From the line containing "Grateful Dead Iridescent" to the end of the records, print every line exactly, both ends included, and leave out the pictures.

■ ■ ■ ■ ■ ■ ■

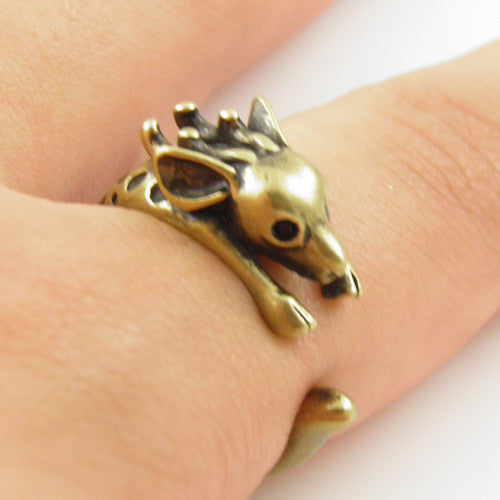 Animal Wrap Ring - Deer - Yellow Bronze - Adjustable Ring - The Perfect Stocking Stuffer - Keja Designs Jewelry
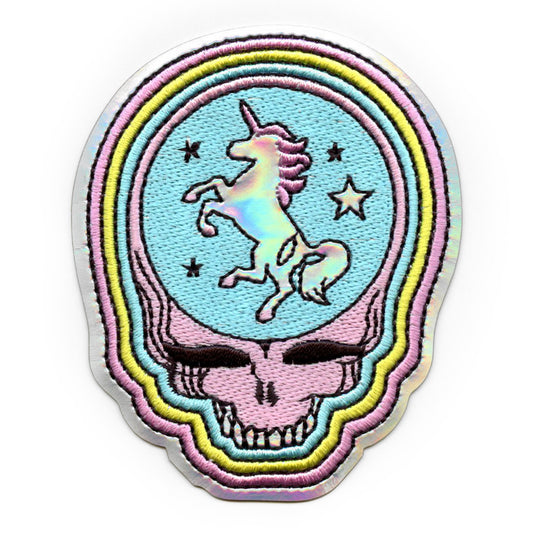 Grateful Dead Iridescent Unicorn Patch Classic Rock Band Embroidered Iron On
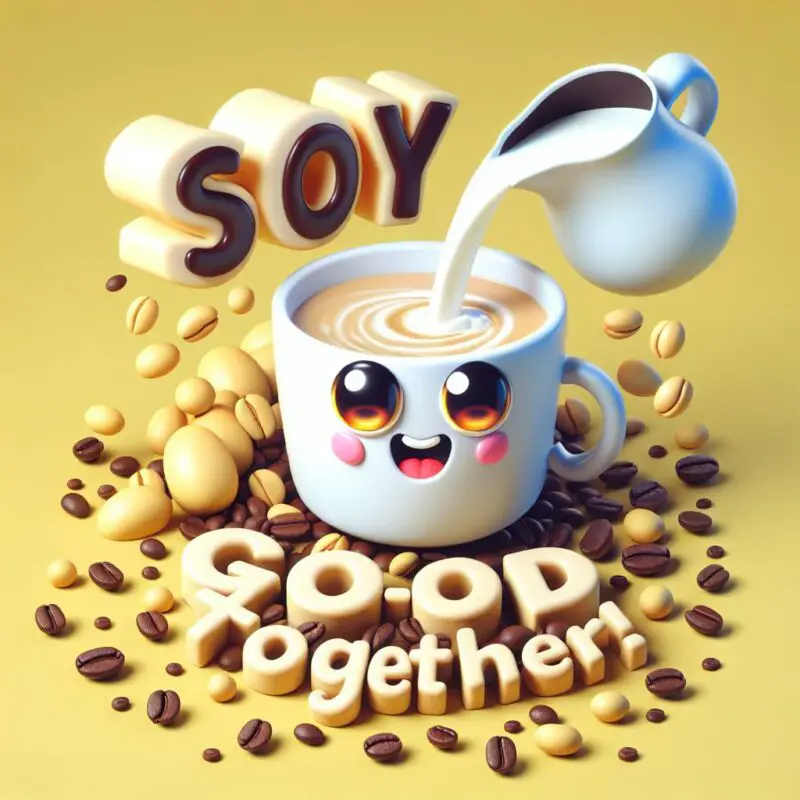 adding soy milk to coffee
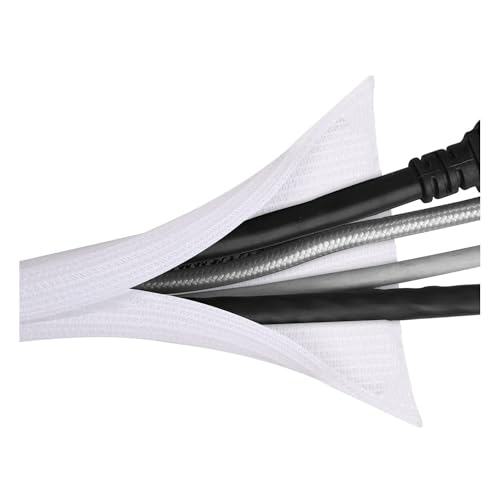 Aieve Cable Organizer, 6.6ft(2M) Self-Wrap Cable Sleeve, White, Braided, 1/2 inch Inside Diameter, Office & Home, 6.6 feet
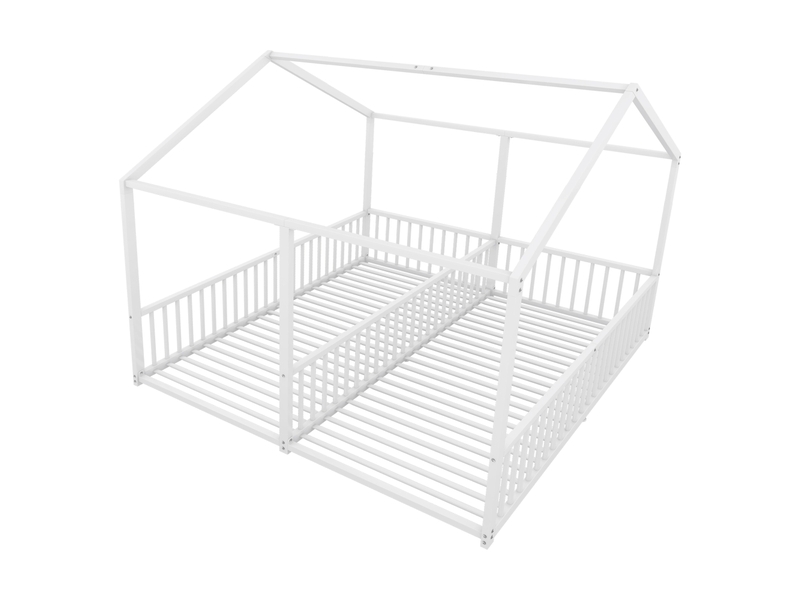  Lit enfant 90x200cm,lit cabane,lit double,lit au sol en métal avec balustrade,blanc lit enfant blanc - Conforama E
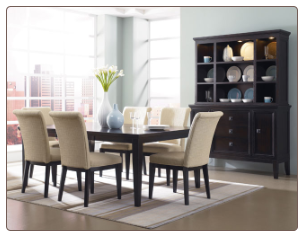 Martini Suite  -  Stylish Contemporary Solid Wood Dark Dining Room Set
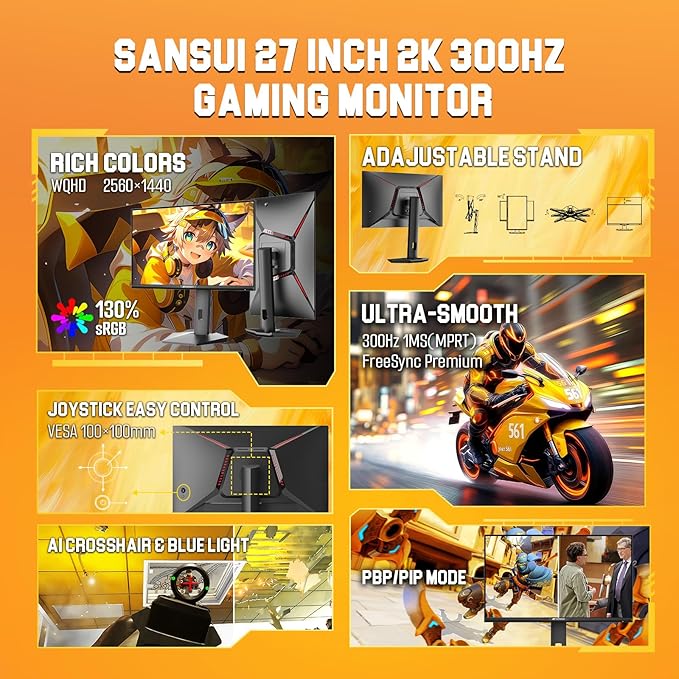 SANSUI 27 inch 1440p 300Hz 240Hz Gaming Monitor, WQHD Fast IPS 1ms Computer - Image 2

■ ■ ■ ■ ■ ■ ■

**The answer:**
 Grateful Dead Iridescent Unicorn Patch Classic Rock Band Embroidered Iron On
 adding soy milk to coffee
 Aieve Cable Organizer, 6.6ft(2M) Self-Wrap Cable Sleeve, White, Braided, 1/2 inch Inside Diameter, Office & Home, 6.6 feet
  Lit enfant 90x200cm,lit cabane,lit double,lit au sol en métal avec balustrade,blanc lit enfant blanc - Conforama E
 Martini Suite  -  Stylish Contemporary Solid Wood Dark Dining Room Set
 SANSUI 27 inch 1440p 300Hz 240Hz Gaming Monitor, WQHD Fast IPS 1ms Computer - Image 2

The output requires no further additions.